▶ [What to work on]
Your task is to repeat the data exactly, every line of it.

▶ [Stored items from a collection]
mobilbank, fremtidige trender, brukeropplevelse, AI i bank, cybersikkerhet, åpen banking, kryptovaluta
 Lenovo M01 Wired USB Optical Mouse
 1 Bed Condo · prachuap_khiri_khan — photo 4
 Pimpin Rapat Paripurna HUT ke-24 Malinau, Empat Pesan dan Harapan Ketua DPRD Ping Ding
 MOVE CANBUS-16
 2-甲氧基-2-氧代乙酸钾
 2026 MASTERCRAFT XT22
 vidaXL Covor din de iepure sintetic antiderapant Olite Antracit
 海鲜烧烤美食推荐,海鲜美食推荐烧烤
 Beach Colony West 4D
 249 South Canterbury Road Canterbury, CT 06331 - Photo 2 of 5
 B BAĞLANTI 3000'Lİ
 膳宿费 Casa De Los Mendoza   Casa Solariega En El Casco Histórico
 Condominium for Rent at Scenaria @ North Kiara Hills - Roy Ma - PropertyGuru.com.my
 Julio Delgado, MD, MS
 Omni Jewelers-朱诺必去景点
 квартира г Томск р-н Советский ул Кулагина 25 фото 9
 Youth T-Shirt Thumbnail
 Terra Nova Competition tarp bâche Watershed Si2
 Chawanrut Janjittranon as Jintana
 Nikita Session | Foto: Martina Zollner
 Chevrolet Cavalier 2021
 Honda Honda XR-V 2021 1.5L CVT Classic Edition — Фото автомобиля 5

▶ [The completed task]
mobilbank, fremtidige trender, brukeropplevelse, AI i bank, cybersikkerhet, åpen banking, kryptovaluta
 Lenovo M01 Wired USB Optical Mouse
 1 Bed Condo · prachuap_khiri_khan — photo 4
 Pimpin Rapat Paripurna HUT ke-24 Malinau, Empat Pesan dan Harapan Ketua DPRD Ping Ding
 MOVE CANBUS-16
 2-甲氧基-2-氧代乙酸钾
 2026 MASTERCRAFT XT22
 vidaXL Covor din de iepure sintetic antiderapant Olite Antracit
 海鲜烧烤美食推荐,海鲜美食推荐烧烤
 Beach Colony West 4D
 249 South Canterbury Road Canterbury, CT 06331 - Photo 2 of 5
 B BAĞLANTI 3000'Lİ
 膳宿费 Casa De Los Mendoza   Casa Solariega En El Casco Histórico
 Condominium for Rent at Scenaria @ North Kiara Hills - Roy Ma - PropertyGuru.com.my
 Julio Delgado, MD, MS
 Omni Jewelers-朱诺必去景点
 квартира г Томск р-н Советский ул Кулагина 25 фото 9
 Youth T-Shirt Thumbnail
 Terra Nova Competition tarp bâche Watershed Si2
 Chawanrut Janjittranon as Jintana
 Nikita Session | Foto: Martina Zollner
 Chevrolet Cavalier 2021
 Honda Honda XR-V 2021 1.5L CVT Classic Edition — Фото автомобиля 5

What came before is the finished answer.